• **PROBLEM TO WORK ON**
Only an exact copy is wanted: the lines from the one holding "AKalmucki's profile picture." through the last line below, minus the pictures.

• **SUPPLIED DATA**
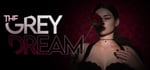 The Grey Dream banner image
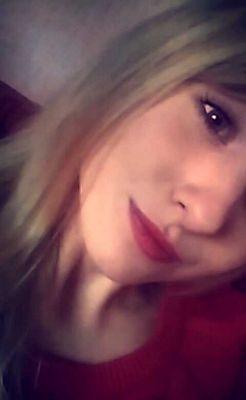 AKalmucki's profile picture. snapchat: Anaiskalm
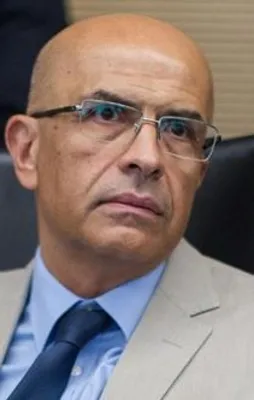 Berberoğlu davasında flaş gelişme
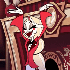 Avatar for hrgurebigr
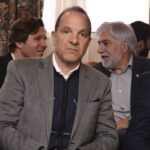 Salerno: “Este es un modelo nuevo que apuesta a la innovación y al trabajo local”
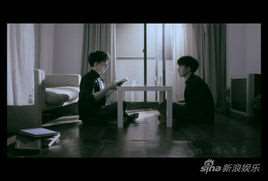 我总是一个人在练习一个人(林宥嘉演唱歌曲)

• **OUTPUT FOR THIS TASK**
 AKalmucki's profile picture. snapchat: Anaiskalm
 Berberoğlu davasında flaş gelişme
 Avatar for hrgurebigr
 Salerno: “Este es un modelo nuevo que apuesta a la innovación y al trabajo local”
 我总是一个人在练习一个人(林宥嘉演唱歌曲)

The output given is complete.